Um buraco para a alma!

Alguns mais próximos me perguntam por que parei de escrever. Outros, talvez por desconhecerem esse viés particular, me perguntam por que não começo a escrever. De uma forma ou de outra, a verdade é que sempre tentei fazer das palavras alma, ou alma com as palavras. A seqüência efetivamente não importa, porque quando expressas elas se misturam de tal maneira que tudo parece tornar-se atemporal.

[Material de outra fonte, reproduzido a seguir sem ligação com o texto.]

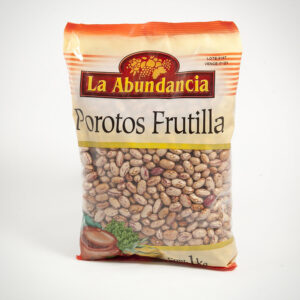 Porotos Frutilla La Abundancia 1 Kg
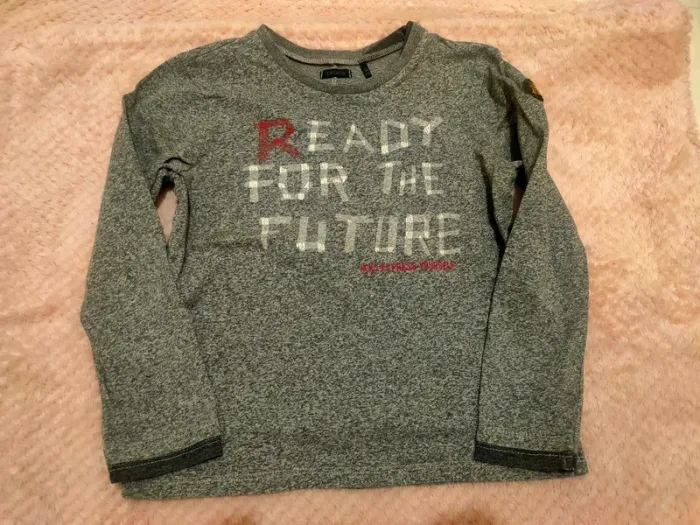 Tee-shirt garçon 6 ans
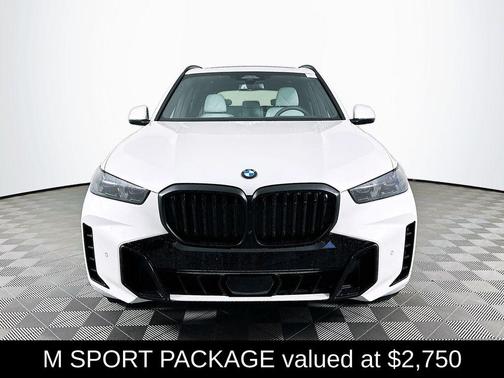 2026 BMW X5 xDrive40i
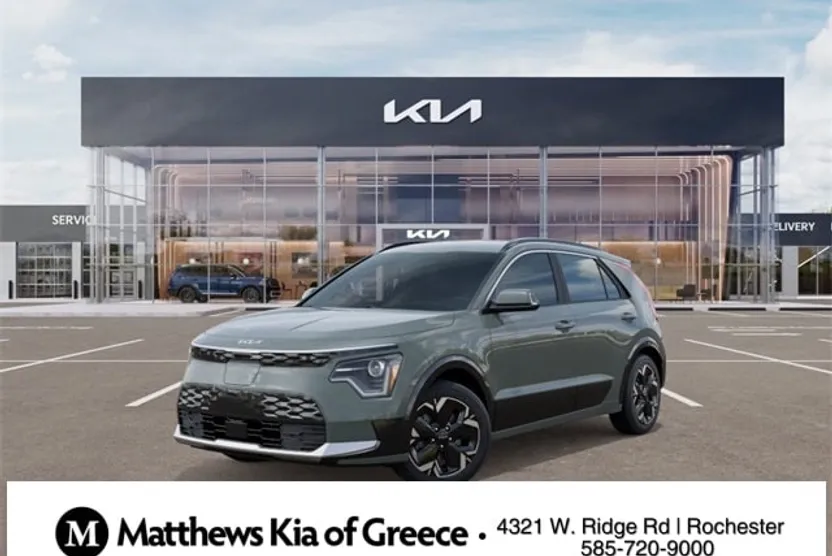 2025 Kia Niro EV Wind photo 1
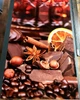 Покрытие для стола, мягкое стекло с фотопечатью, Кофе и шоколад, 1,2 мм (600х1200)(МСПБ-3-ed11993) - изображение 2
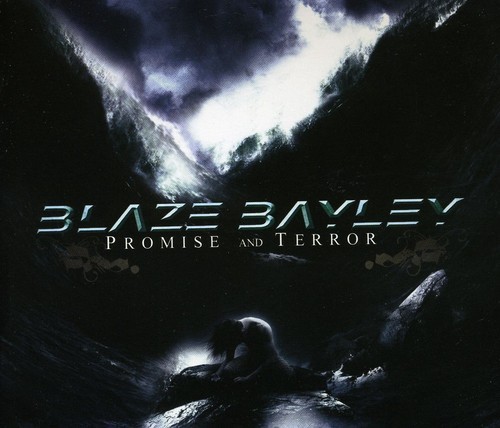 Blaze Bayley - Promise And Terror in the group CD / Hårdrock/ Heavy metal at Bengans Skivbutik AB (561657)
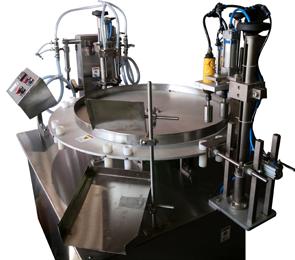 cap sealing machines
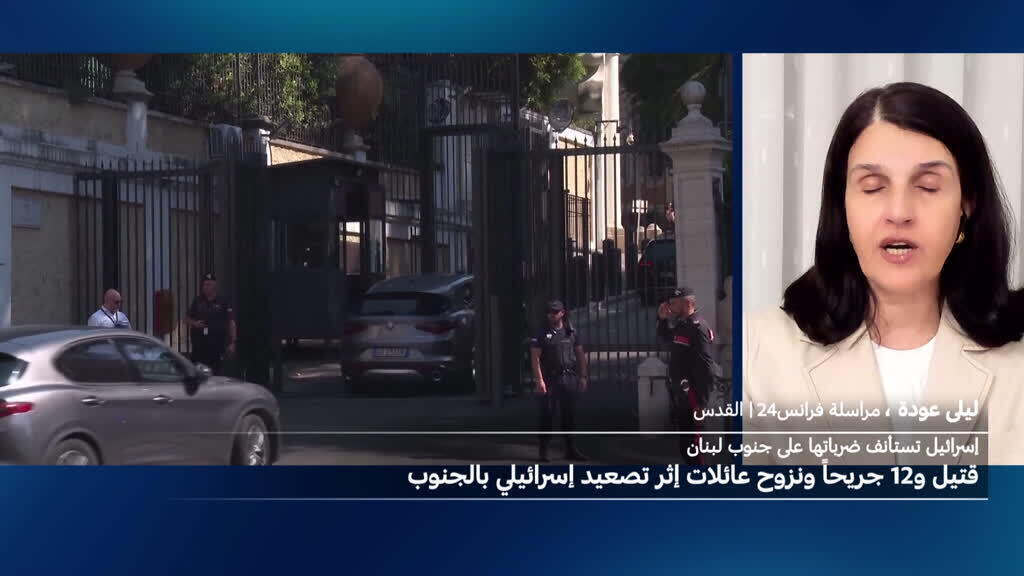 نتنياهو وكاتس يبحثان التطورات في جنوب لبنان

Deixando de lado as (pseudo) justificativas que acompanham a sociedade considerada “moderna”, como o conhecido jargão ‘falta de tempo’, o fato é que 2011 foi definitivamente ano ímpar...muitas novas experiências me impactaram e me mobilizaram; talvez, pela primeira vez, senti a vida passando por mim, como se pudesse ser incapaz de acompanhá-la como sempre aconteceu. Esse movimento todo trouxe grande potencial espiritual, assim como certa reclusão. Independentemente dos supostos motivos que me levaram a mais essa necessária experiência, cá estou tentando resignificá-la. As palavras abrem esse canal de acesso. Acredito, ou até então acreditava, que devemos passar pela vida, senão o contrário inevitavelmente aconteceria. Aconteceu!!! Minha alma ficou à espreita, esperando que a fenda se abrisse e pudesse, novamente, libertar-se...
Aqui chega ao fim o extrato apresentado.